Posted on Jul 29 • Edited on Aug 17

🔥 1BRC in Node.js: From 12 Minutes to 35 Seconds

#node #1brc

I took on the 1 Billion Row Challenge (1BRC) — but with Node.js. The "event loop" language that is not the first choice when crunching raw numbers.

🧠 TL;DR

Stage	Time
🐢 Baseline	12:06
🔥 Final	0:35
📈 Speedup	1957%

I squeezed out sizeable performance gains out of Node with buffer math, manual parsing, worker threads — even byte-level micro-ops.

🎯 The Challenge

You're given a file with 1 billion lines, each like:

StationName;Temperature\n

You need to compute per station:

Minimum temperature
Maximum temperature
Average temperature

And you need to do it fast.

⚙️ System Configuration & Setup

Here’s my system details that was used for benchmarking and optimizations:

Machine: Windows 11 (x64)
CPU: 2.5 GHz, 10 cores, 12 logical threads, (Intel i5, 12th Gen)
RAM: 8 GB
Disk: 256GB NVMe SSD
Node.js version: v22.x (LTS)

⛽ Just Reading the File (No Work)

To measure the disk I/O floor, I timed a pure file read — no parsing or processing.

⏱️ 13 seconds

This was my physical lower limit; my goal. Here's the minimal benchmark:

const fs = require("fs");

const filePath = process.argv[2];
const bufferSize = 64 * 1024; // 64 KB
const buffer = Buffer.alloc(bufferSize);

const fd = fs.openSync(filePath, "r");

let totalBytesRead = 0;
let bytesRead = 0;

console.time("diskRead");

do {
  bytesRead = fs.readSync(fd, buffer, 0, bufferSize, null);
  totalBytesRead += bytesRead;
} while (bytesRead > 0);

console.timeEnd("diskRead");

fs.closeSync(fd);

console.log(`Read ${totalBytesRead} bytes`);
console.log(`Read speed: ${(totalBytesRead / (1024 * 1024)).toFixed(2)} MB`);

🧪 Starting Baseline

The first working version provided in repo:

Single thread
Used readline with for...await
Parsed strings with split(';'), used parseFloat & .toFixed()
Used Map for aggregation

⏱️ 12:06

Let’s optimize.

🧵 Parallelism — Low hanging fruit

1 billion CPU bound calculations on a multi-cores machine? Worker Threads were the first upgrade.

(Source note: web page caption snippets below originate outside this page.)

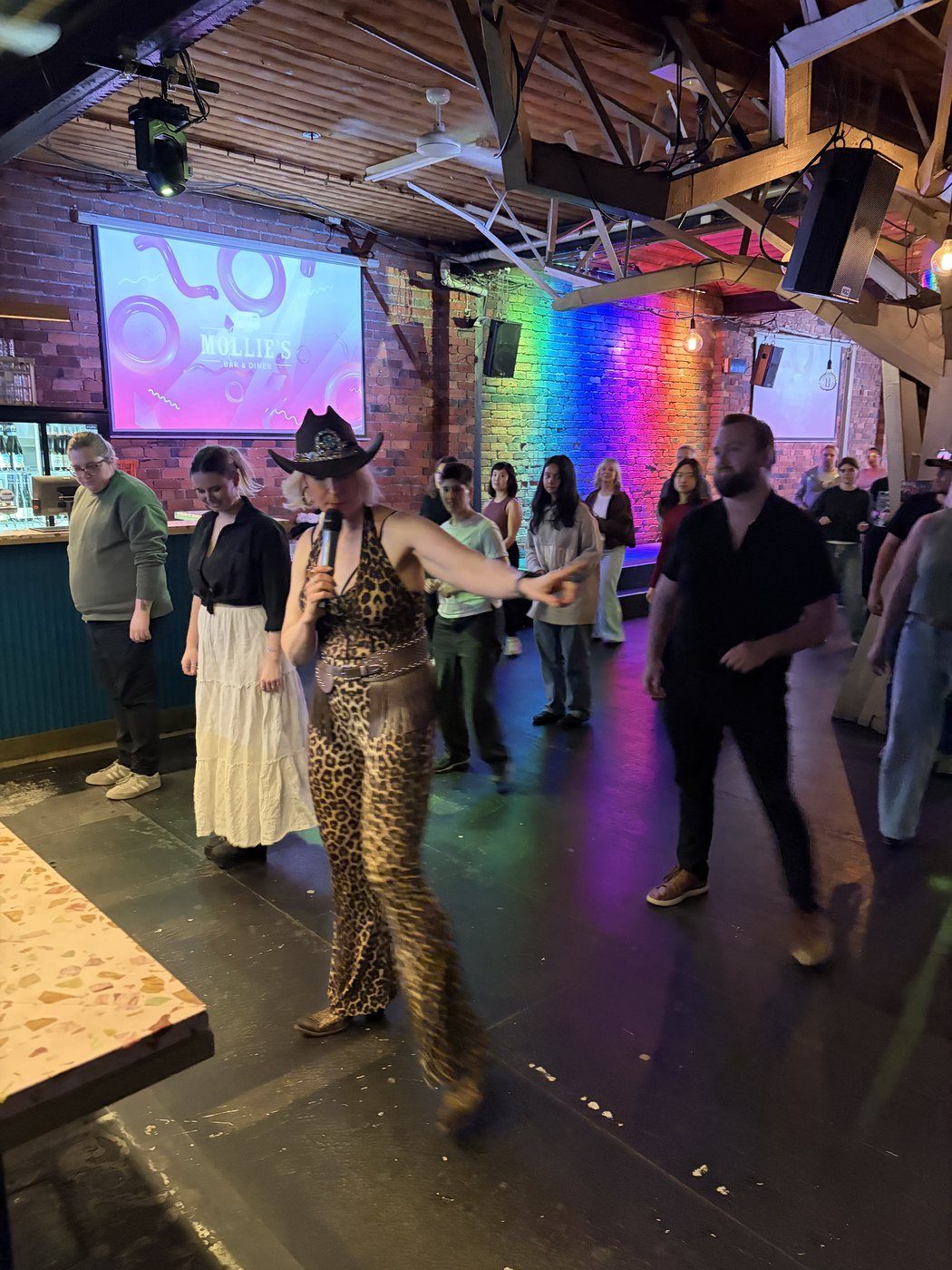 A huge crowd up line dancing with Boot Scooting Society at a public event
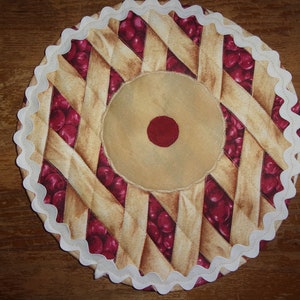 May include: A round, quilted fabric trivet designed to resemble a cherry pie. The trivet features a lattice crust pattern in tan and brown, with visible red cherries. A beige center with a red dot is surrounded by a white, scalloped edge.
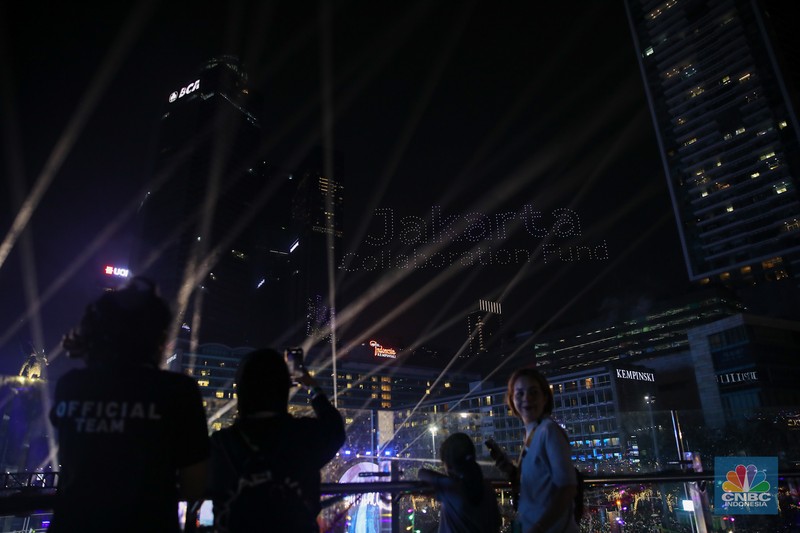 Warga menyaksikan atraksi formasi drone saat Perayaan Tahun Baru 2026 di Bundaran Hotel Indonesia (HI), Jakarta, Kamis (1/1/2026). (CNBC Indonesia/Faisal Rahman)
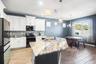 Large kitchen with center island and dining area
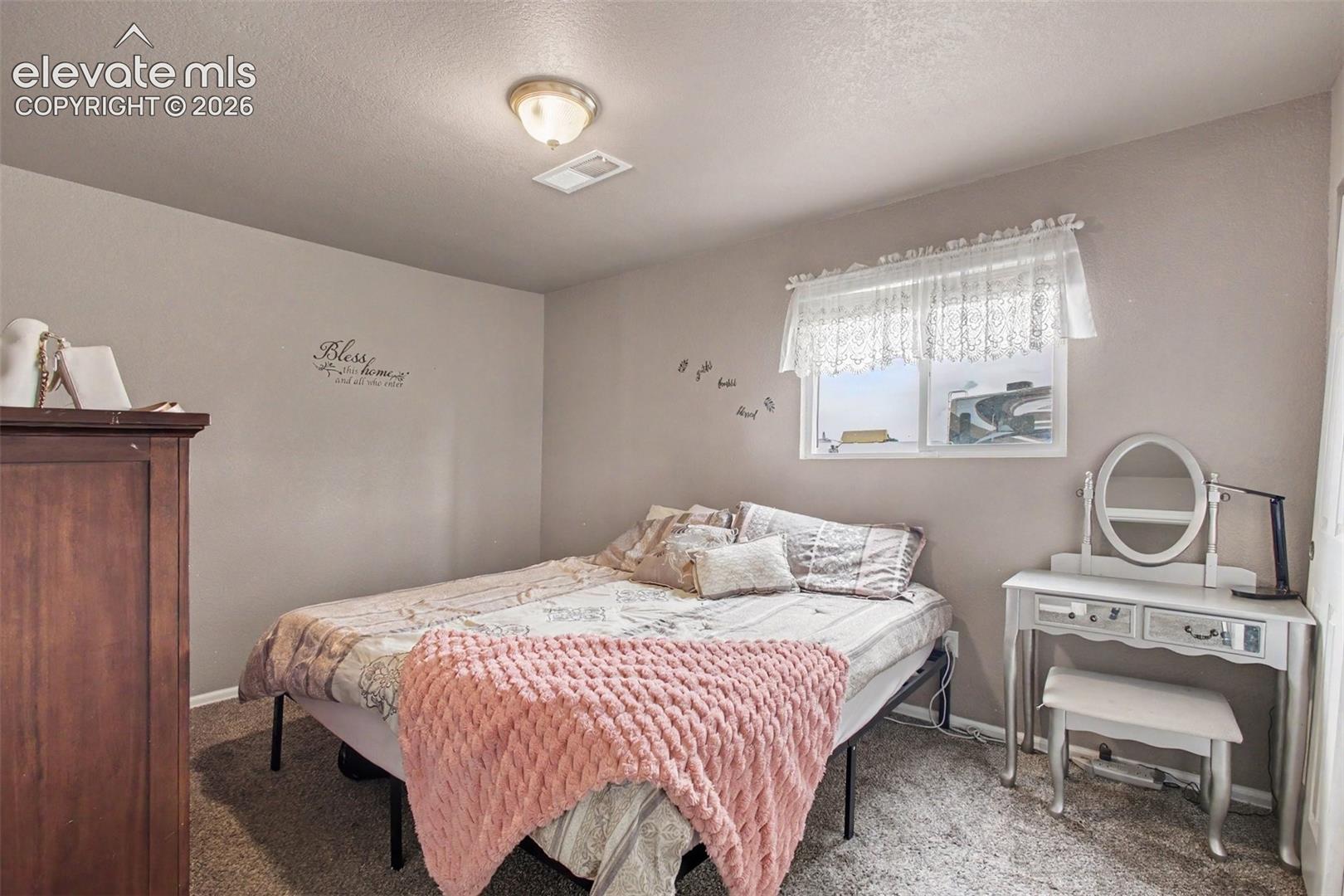Welcoming 3rd  bedroom with a cozy feel, providing flexibility for guests, hobbies, or additional living space.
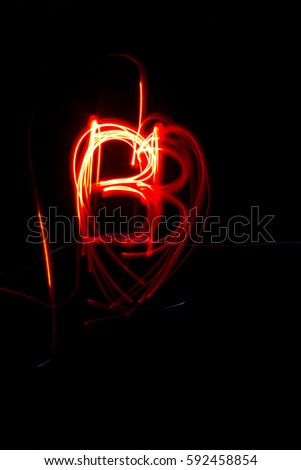 abstract red orange light painting on black background at night in the shape of heart bb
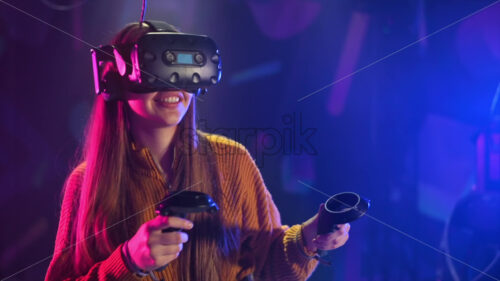 A joyful, interested girl is playing on VR treadmill with helmet and controllers. Slow motion virtual reality - Starpik Stock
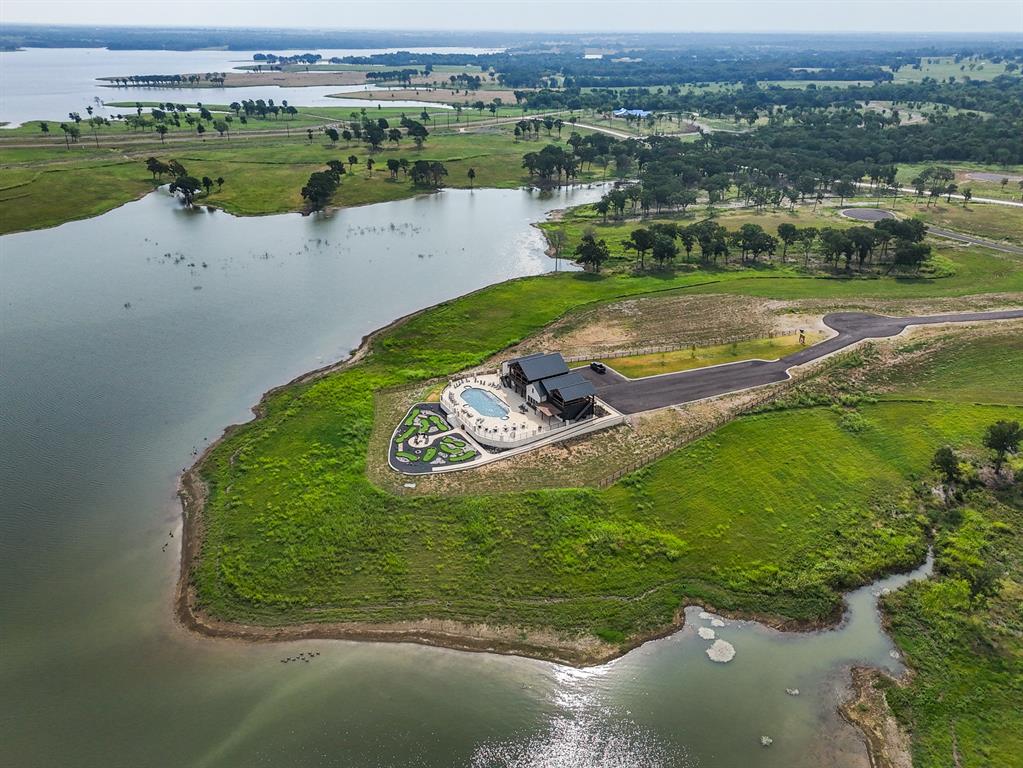 259 Lakeshore Terrace Windom, TX 75492 - Photo 34 of 35 an aerial view of a house with a yard and lake view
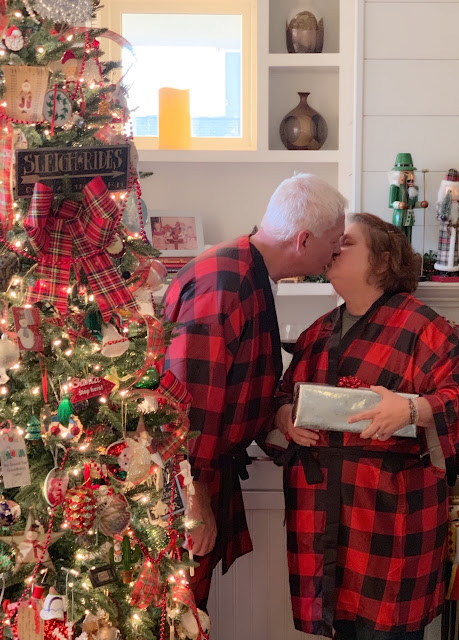 Christmas tree, man and woman kissing in matching buffalo plaid pajamas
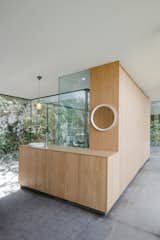 Living Room, Concrete Floor, Pendant Lighting, and Bar Bookmatched wood veneer cabinetry brings a warm, tactile feel to the interiors.  Photos from A Portuguese Glass House Uses Surrounding Foliage as a Privacy Screen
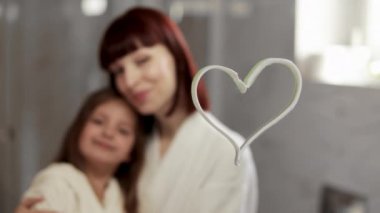 Anne ve kız, sabahları banyoda beyaz bornozla dikiliyorlar.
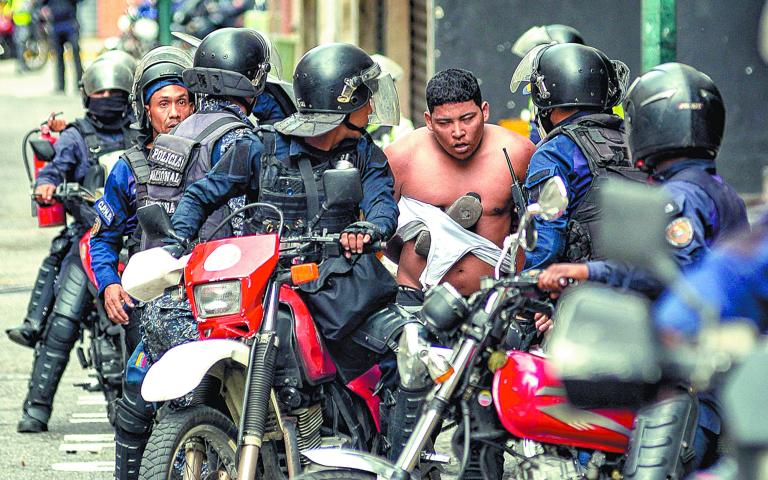 Miembros de la guardia detuvieron a un hombre en una protesta del 30 de julio. Foto: AFP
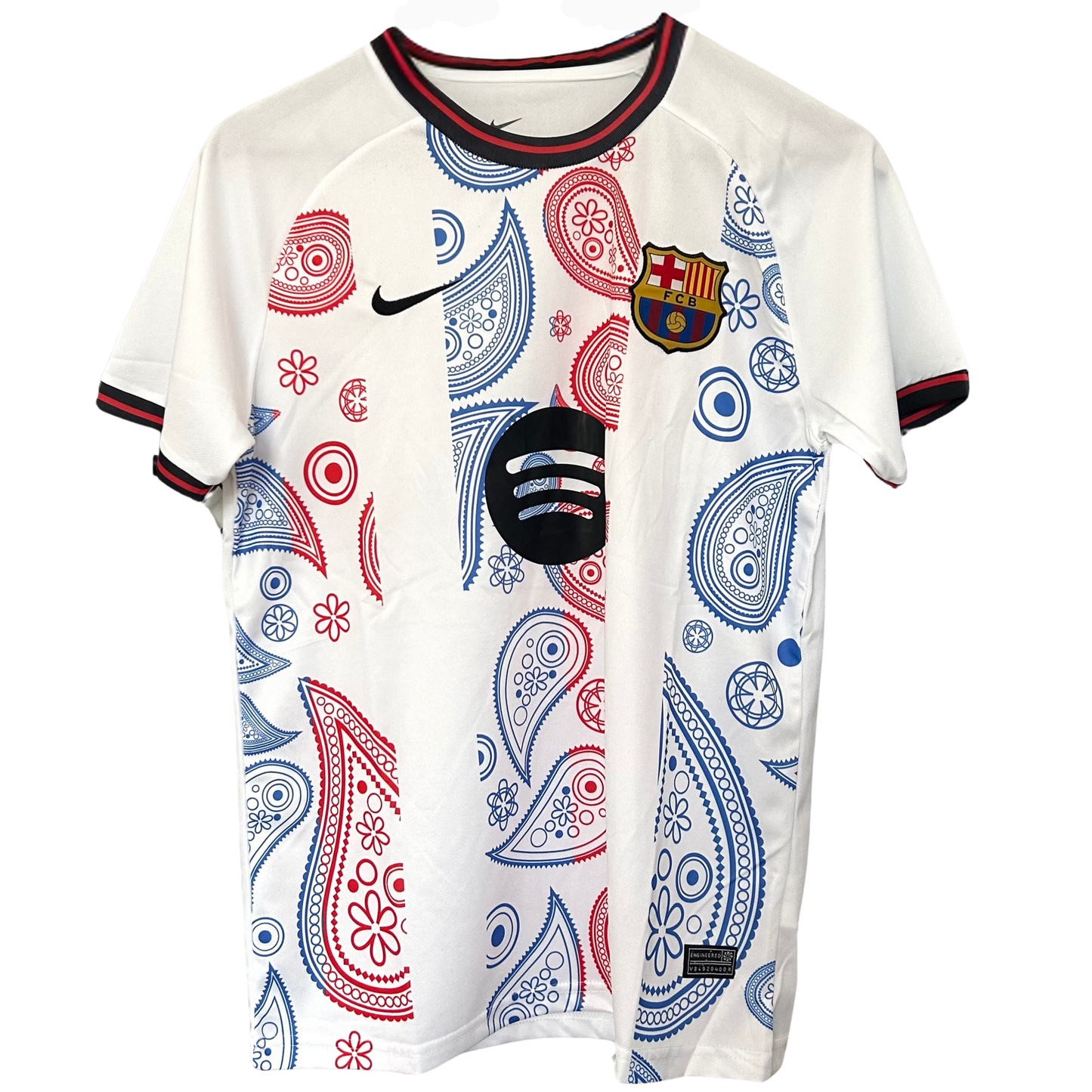FC Barcelona paisley white kit by ELVN, featuring the team's logo and distinctive paisley pattern on the jersey.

The trick here was to divide the file equally while keeping the lines intact. This was done with the below method.

const calculateOffset = async (start, end, fileHandle) => {
  const { buffer } = await fileHandle.read({
    buffer: Buffer.alloc(MAX_LINE_LENGTH),
    length: MAX_LINE_LENGTH,
    position: end,
  });
  const diff = buffer.indexOf(10);
  return { start, end, diff };
};

After, each worker got their slice to process. 🚀

Workers	Time
With 4 Workers	2:35
With 12 Workers (system core count)	1:41
With 14, 18 Workers	Perf degradation

🧠 Learning: Since the data is locally sourced, the context switching overhead between threads started having a negative impact. And worker threads make a HUGE difference.

⚡Loop optimizations

Once threading was established, I started chipping away at the main loop:

Switched to .on('data') from readline iterator - ⏱️1:19

for await (const line of lineStream) {}
// to
lineStream.on("line", (line) => {}

Switched to manual byte stream parsing readStream.on('data') - ⏱️1:02

Here, I started working with the byte chunk processing using processChunk method. Still using higher-order functions like toString and parseFloat

Improvements that gave minor gains - ⏱️1:00
- Replaced repetitive chunk[i] reference with const c = chunk[i]
- Removed .toFixed()

At this point, I started searching for what processing takes the most time & resources. I searched the web and tried to make sense of flame graphs (which I got working at this point, finally)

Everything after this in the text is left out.